*** Opening Supplied material ***

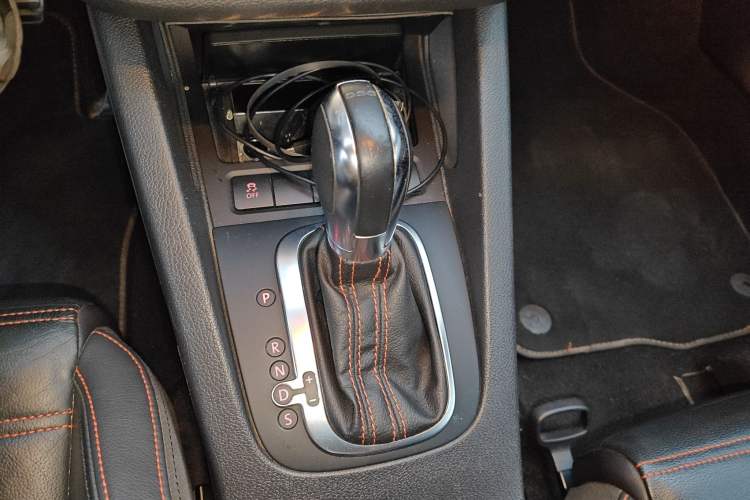 Used Volkswagen Scirocco 2013 2.0 TSI Million-Mile Edition Gear Lever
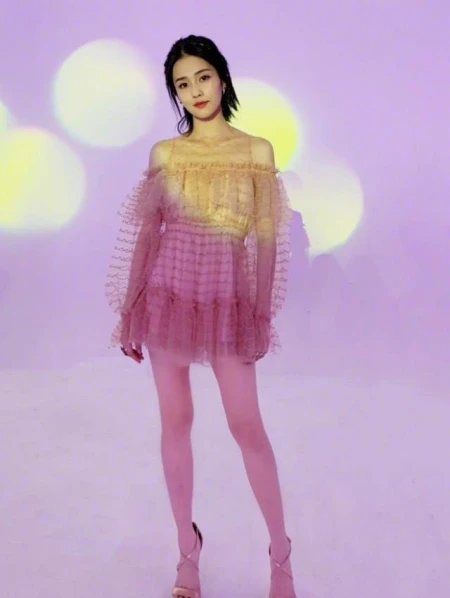 白鹿这是要“逼死”谁，身材好到完美驾驭黄金礼服，美成时髦精-白鹿 90花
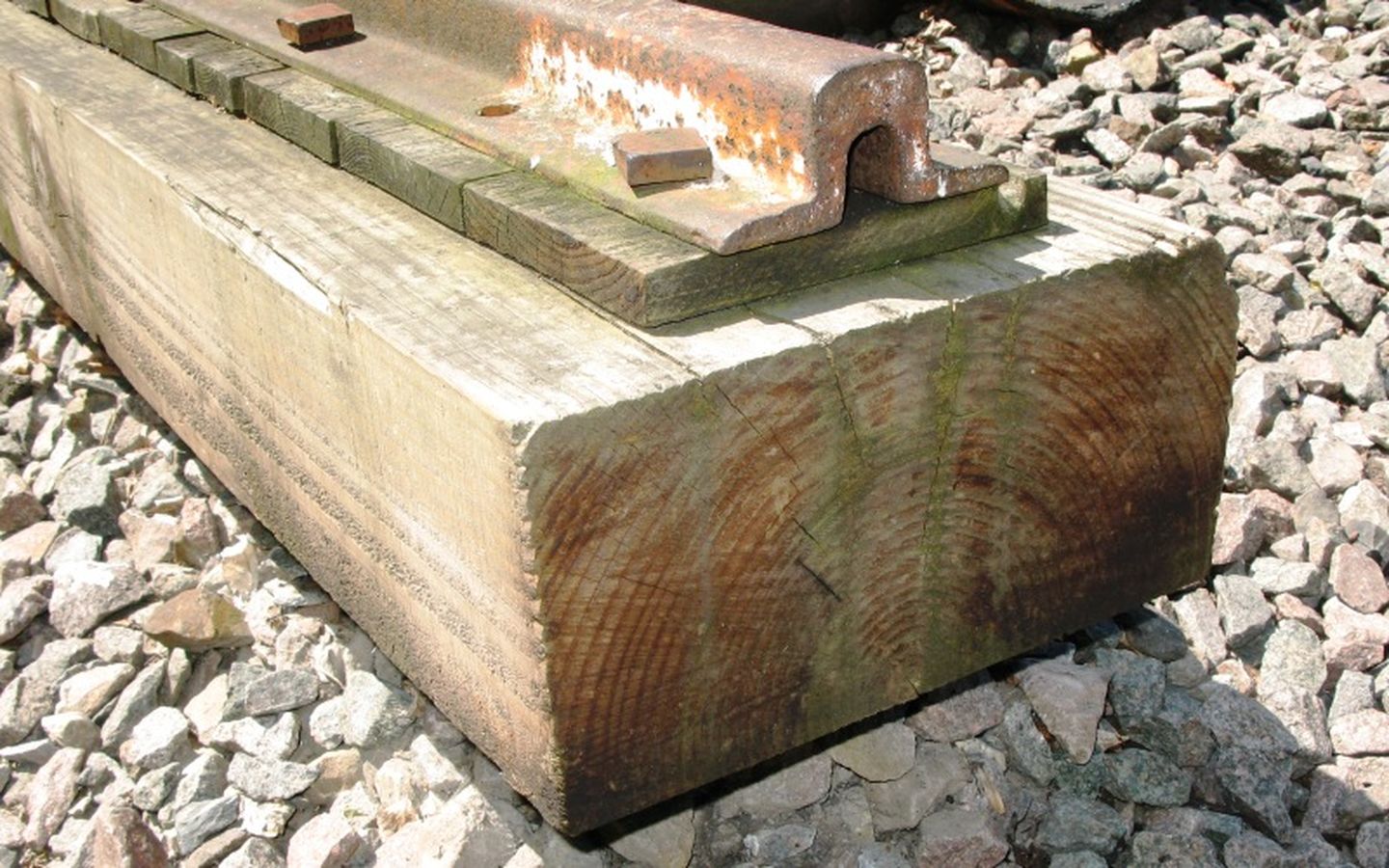 为什么火车铁轨下面要铺碎石子,为什么铁轨下面要铺轨枕和石子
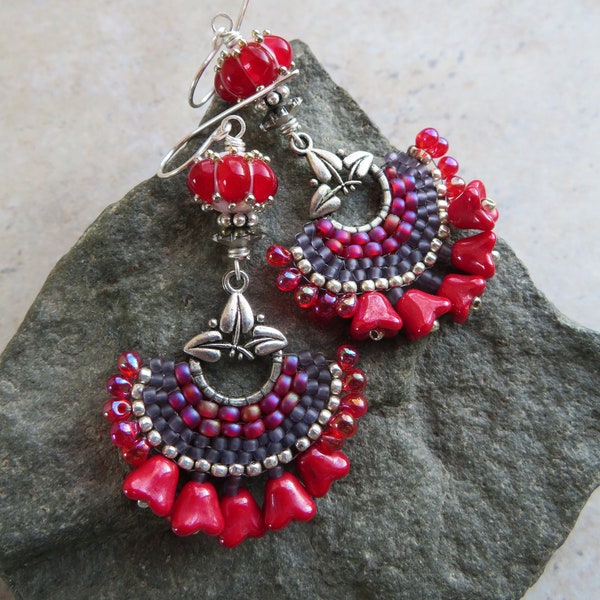 Choisissez-moi ! ... Boucles d'oreilles artisanales en perles de rocaille et en verre au chalumeau cousues main. Boucles d'oreilles bohèmes artisanales en perles. Boucles d'oreilles gitane rouges faites main.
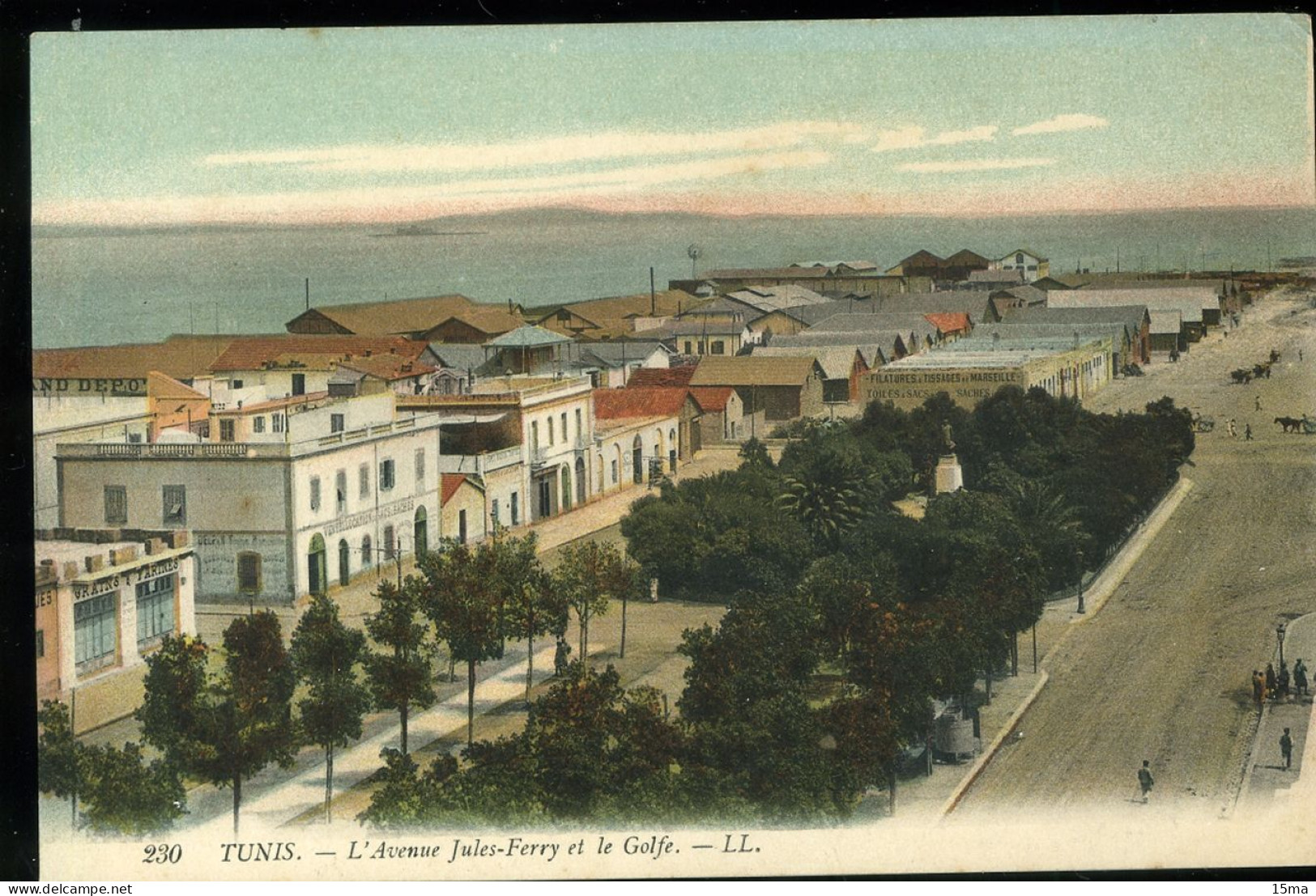 TUNIS  L'Avenue Jules Ferry Et Le Golfe LL - Tunisia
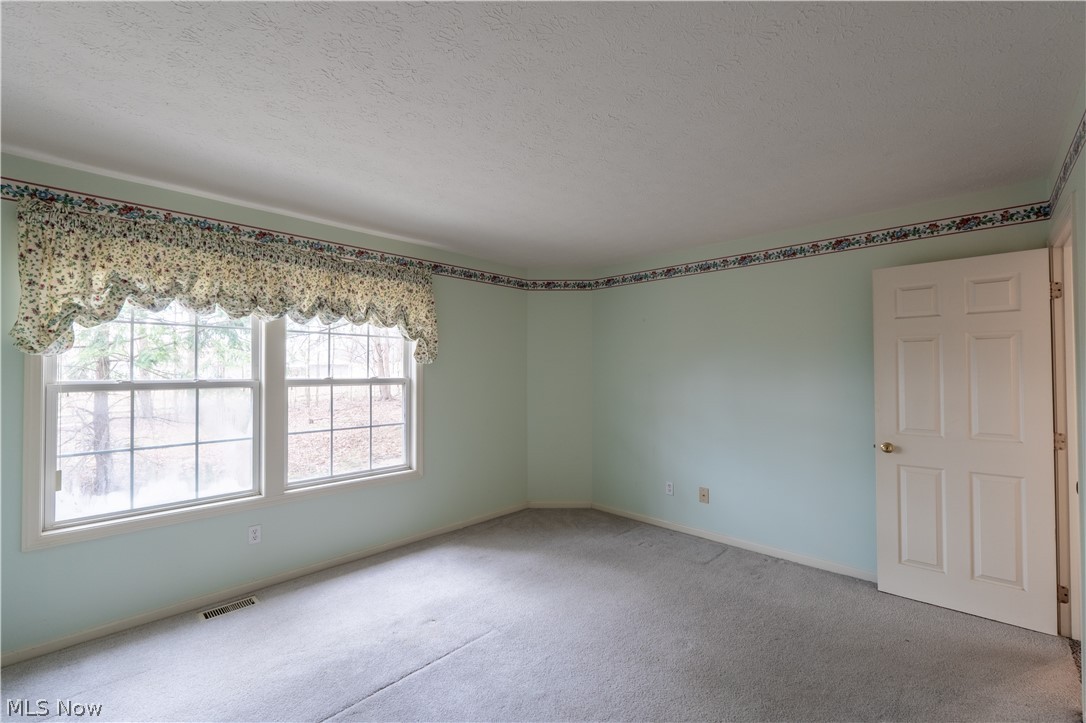 Woodbury Condo - Residential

*** Closing Supplied material ***

▶ _Task description_:
Copy out the data above exactly, except the pictures.

▶ _Solved problem_:
 Used Volkswagen Scirocco 2013 2.0 TSI Million-Mile Edition Gear Lever
 白鹿这是要“逼死”谁，身材好到完美驾驭黄金礼服，美成时髦精-白鹿 90花
 为什么火车铁轨下面要铺碎石子,为什么铁轨下面要铺轨枕和石子
 Choisissez-moi ! ... Boucles d'oreilles artisanales en perles de rocaille et en verre au chalumeau cousues main. Boucles d'oreilles bohèmes artisanales en perles. Boucles d'oreilles gitane rouges faites main.
 TUNIS  L'Avenue Jules Ferry Et Le Golfe LL - Tunisia
 Woodbury Condo - Residential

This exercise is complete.